-- Opening Marker --

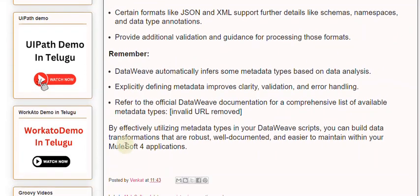Refer to the official DataWeave documentation for a comprehensive list of available metadata types. By effectively utilizing metadata types in your DataWeave scripts, you can build data transformations that are robust, well-documented, and easier to maintain within your MuleSoft 4 applications.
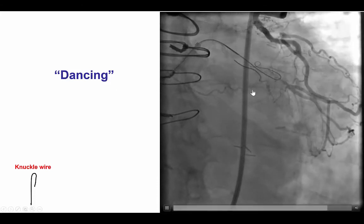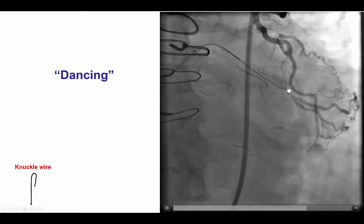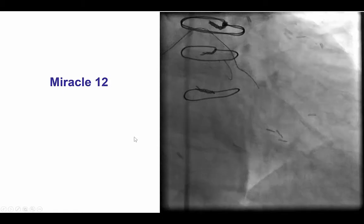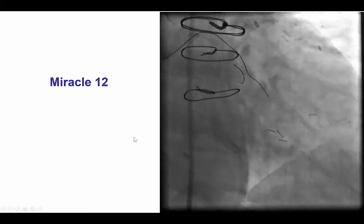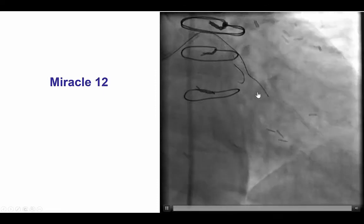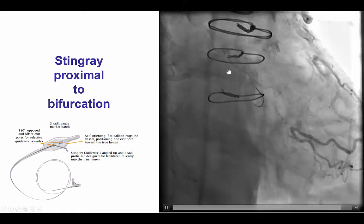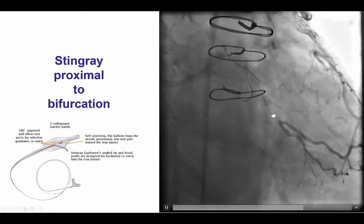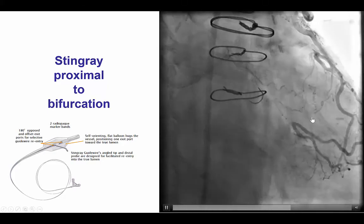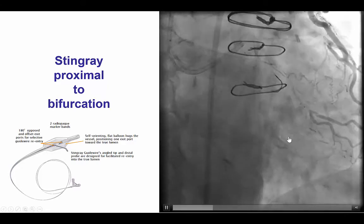By doing a contralateral injection, we now see very nicely that the knuckle is moving in sync with the distal vessel. This is what we call 'dancing,' which is a very good sign because it means we are in the same planes — subintimal given the loop, but in the same planes. Therefore, the next step is to try to re-enter using the Stingray guide wire. To deliver it, we exchanged for a stiffer Miracle 12 guide wire that provides a little better support, and then we were able to deliver the Stingray balloon without much difficulty, stopping it immediately proximal to the bifurcation, given that both branches of that large second OM appear to be fairly large.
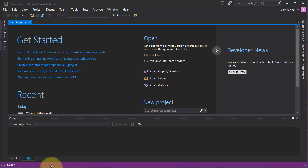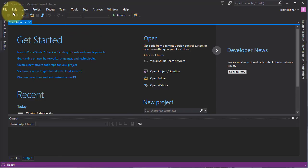Hi there, welcome to another C# video tutorial. I am Josef Botnar and in this video tutorial I will make an application which will compute the monthly closing balance for a loan. So let's start the application.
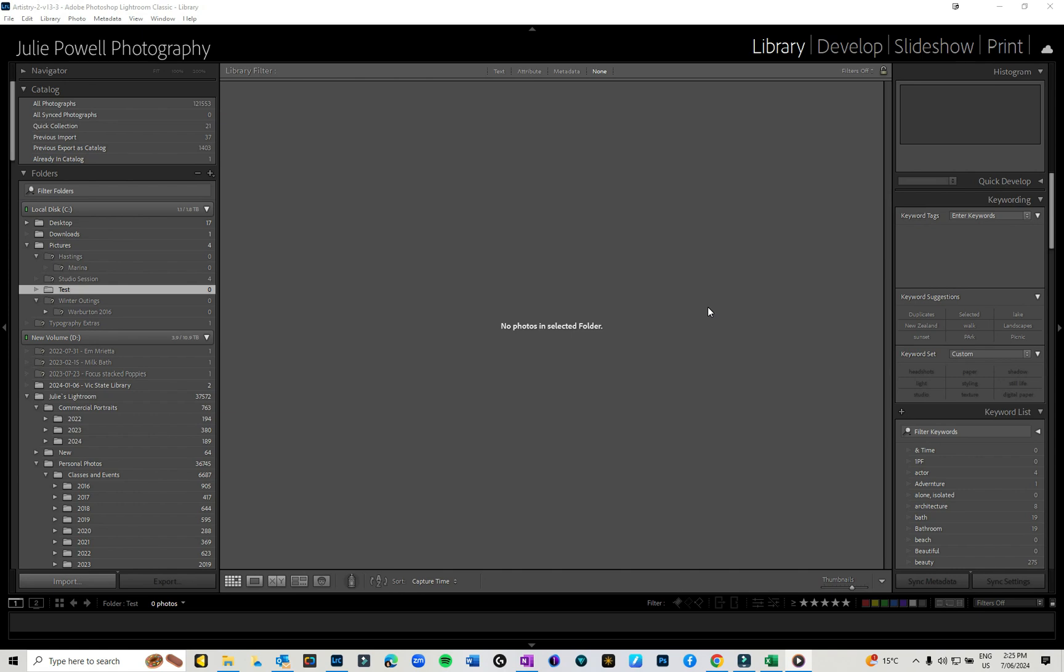Hi everyone, Julie here. Welcome back to the YouTube channel. In today's video I'm going to have a look at something that I thought was pretty cool in the latest Lightroom update, and that was to allow tethering to some Sony cameras.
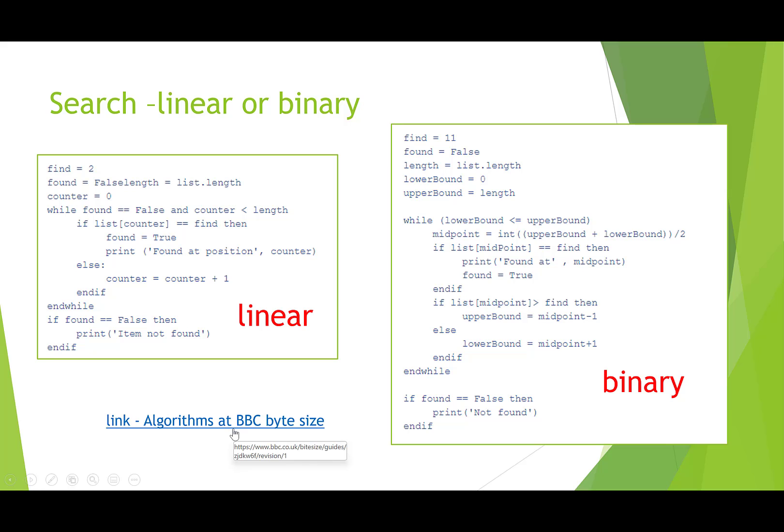A good site for this is Linking Algorithms at BBC Bitesize. If you just type that in, you'll find them. You need to know about the linear and the binary search. You need to know about the merge sort, the bubble sort, and the insertion sort. Lots of good information on BBC Bitesize on those.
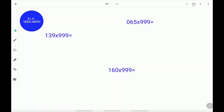Let's see some examples of how to multiply numbers with 999. Let's use 139 times 999 as our first example. 1 less than 139 is 138. Write down 138 and put a slash. 1 plus what equals 9? 1 plus 8 equals 9. Next, 3 plus what equals 9? 3 plus 6 equals 9. Next, 8 plus what equals 9? 8 plus 1 equals 9. 139 times 999 is 138861.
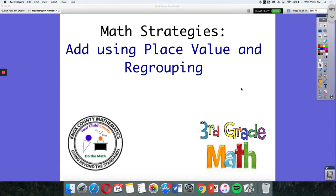Today's math strategy video is adding using place value and regrouping. We're going to use place value blocks and regroup tens, hundreds, or ones. We just have to see what our problem says.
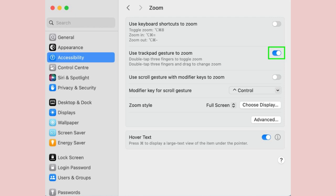Just double tap using three fingers to switch between zoom in and zoom out. You can change the zoom if you double tap using three fingers then drag them.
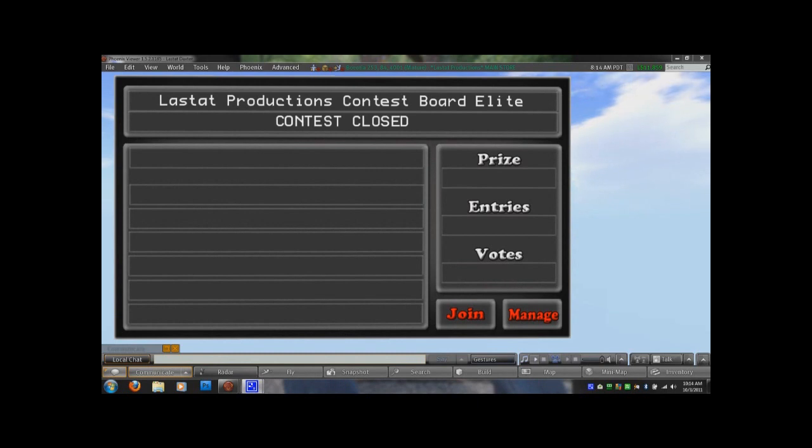Hello everyone, this is Lestat Daxter with Stat Productions. I would like to take a few minutes here to show you how to run the Lestat Productions contest board.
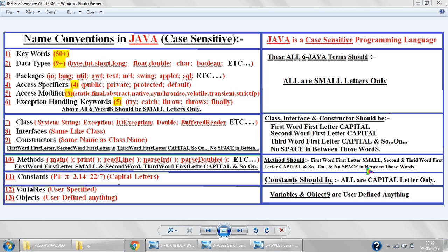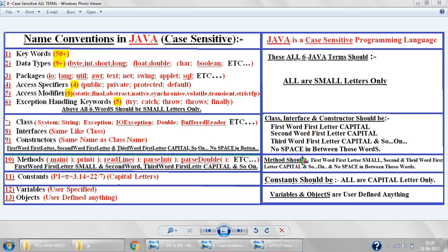Methods should have the first word's first letter small and subsequent words' first letters capital — for example, passDoublepieces: first word small, second word capital. No spaces in between words for methods either. These are Java's case-sensitive syntax rules — where capital is necessary, type capital only; where small is necessary, type small only. Constants should be all capitals. Variables and objects can be user-defined. You can pause the video to review.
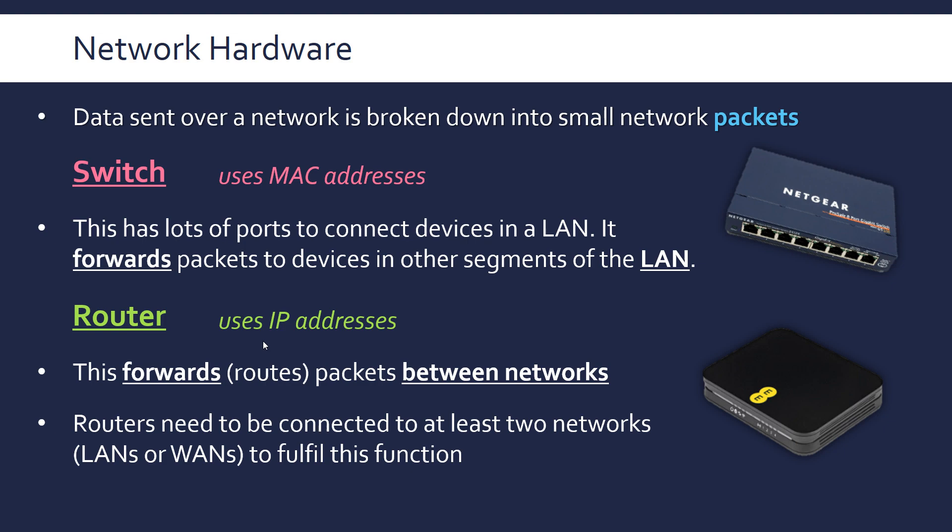You could have the same IP address being used all over the world, as long as they're in different networks, it's enough to uniquely identify it. A packet will contain both the MAC address and the IP address of the device that it's intended for. The switch will use the MAC address to forward it along one of the ports, and the router will use the IP address to do lots of clever stuff and route it across networks, which we'll look at in more detail later.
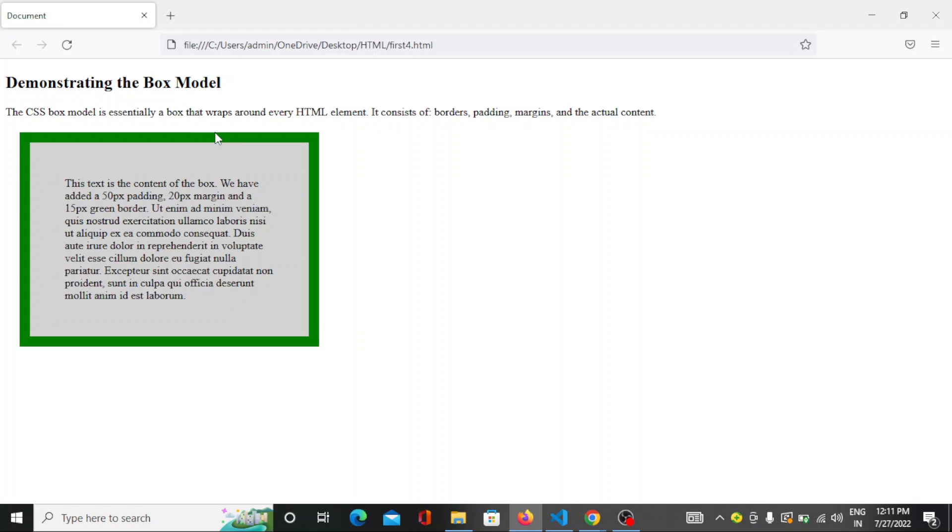So this is all about the CSS box. In CSS box, these four parts are only available: the content, padding, border and the margin. If you know all this, you will be able to make the CSS box. So that's all for today's class. Tomorrow we will learn about more features related to CSS. Thank you so much.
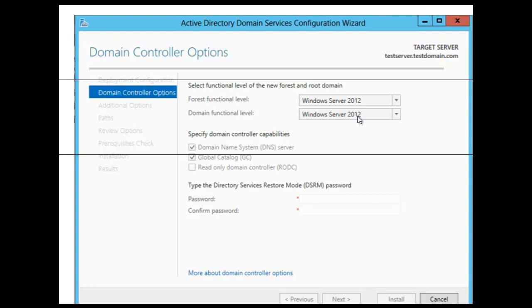You can set the domain functional level to a value that is higher than the forest functional level. For example, if your forest functional level is Server 2003, you can set the domain functional level to Windows Server 2003 or higher.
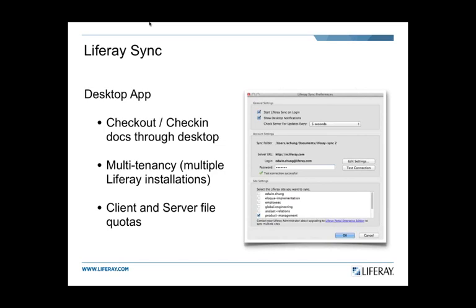On the Sync desktop side, we're planning to build out the ability to check out and check in documents through the desktop app. We've also seen a lot of demand for multi-tenancy — customers with more than one LifeRay installation want their sync desktop app to support syncing docs across different LifeRay installations. We're also addressing client and server file quotas, allowing both the user and administrator to set quotas on how many documents get synced.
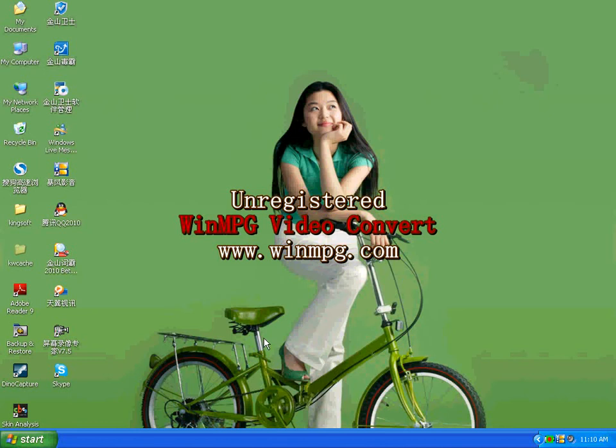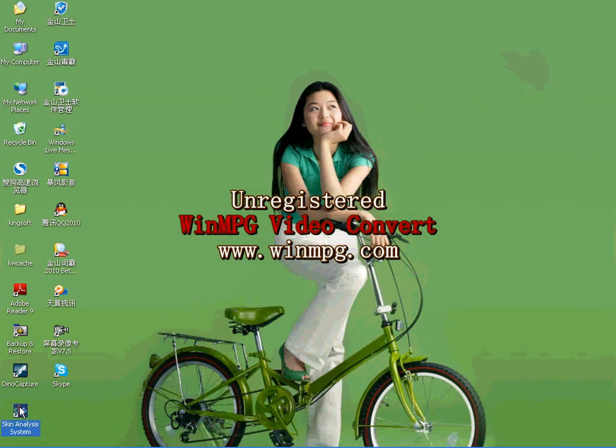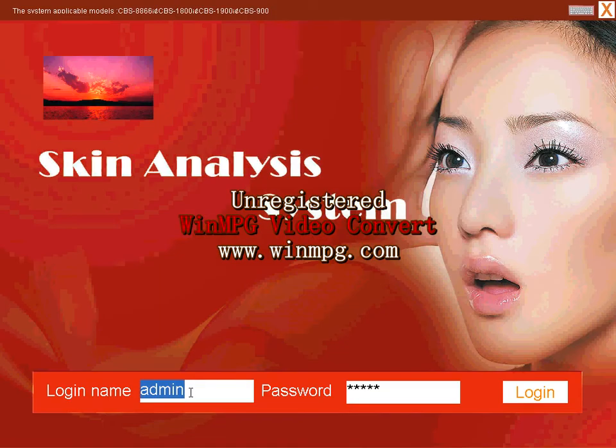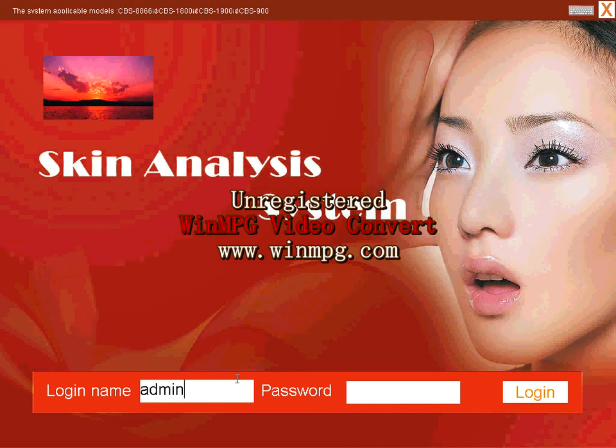Now I will show you how to operate CBS Skin Analysis System. After installing the software to your computer, there is a CBS logo on your desk. Double-click it and open it. Input login name and password. The original login name and password both are admin, A-D-M-I-N, and login.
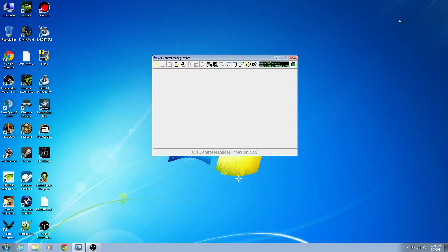Hello YouTubers and fellow Star Citizens, Elite Dangerous and Flight Simmers. Today I'm going over a basic tutorial for CH Control Manager.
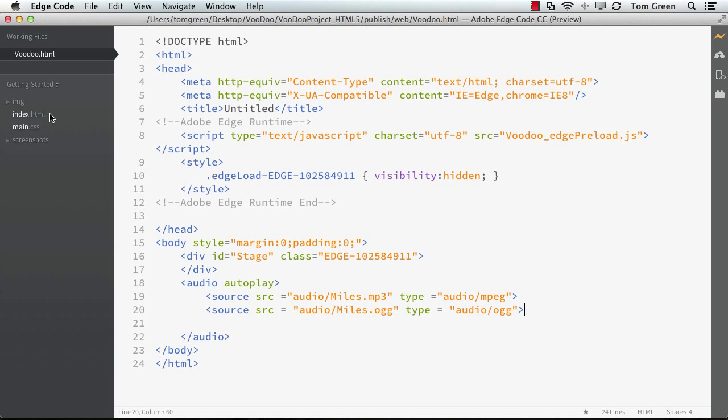In the next example, we'll take a look at using buzz.js. I'll see you there.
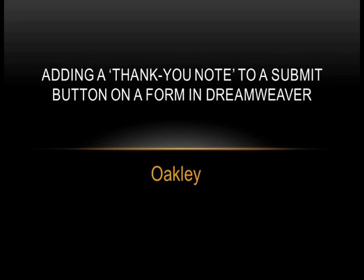Hello, me again. I'm here to tell you today about how to add a thank you note in a pop-up box when you're putting a submit button on a form in Dreamweaver.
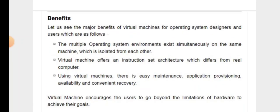Benefits: Let us see the major benefits of virtual machines for operating system designers and users. Multiple operating system environments exist simultaneously on the same machine, isolated from each other. Virtual machines offer an instruction set architecture which differs from real computers. Using virtual machines, there is easy maintenance, application provisioning, availability, and convenient recovery.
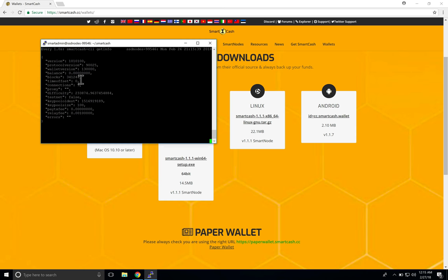Watch the blocks counting up. Once they stop incrementing dramatically and sit at one number, that's the latest block and you're synced. Then go to your desktop wallet and start it. Make sure the protocol version — the old wallet shows 90024 — updates to 90025. Once you click 'Start Alias' and enter your password it should update to 90025 and go into a pre-enabled state.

-- Closing Marker --

Exercise instructions - What should be set down is every line from the opening of the records through the line that contains "Hi everyone, Julie", exactly, with pictures left out.

Answer to the exercise -
Refer to the official DataWeave documentation for a comprehensive list of available metadata types. By effectively utilizing metadata types in your DataWeave scripts, you can build data transformations that are robust, well-documented, and easier to maintain within your MuleSoft 4 applications.
By doing a contralateral injection, we now see very nicely that the knuckle is moving in sync with the distal vessel. This is what we call 'dancing,' which is a very good sign because it means we are in the same planes — subintimal given the loop, but in the same planes. Therefore, the next step is to try to re-enter using the Stingray guide wire. To deliver it, we exchanged for a stiffer Miracle 12 guide wire that provides a little better support, and then we were able to deliver the Stingray balloon without much difficulty, stopping it immediately proximal to the bifurcation, given that both branches of that large second OM appear to be fairly large.
Hi there, welcome to another C# video tutorial. I am Josef Botnar and in this video tutorial I will make an application which will compute the monthly closing balance for a loan. So let's start the application.
Hi everyone, Julie here. Welcome back to the YouTube channel. In today's video I'm going to have a look at something that I thought was pretty cool in the latest Lightroom update, and that was to allow tethering to some Sony cameras.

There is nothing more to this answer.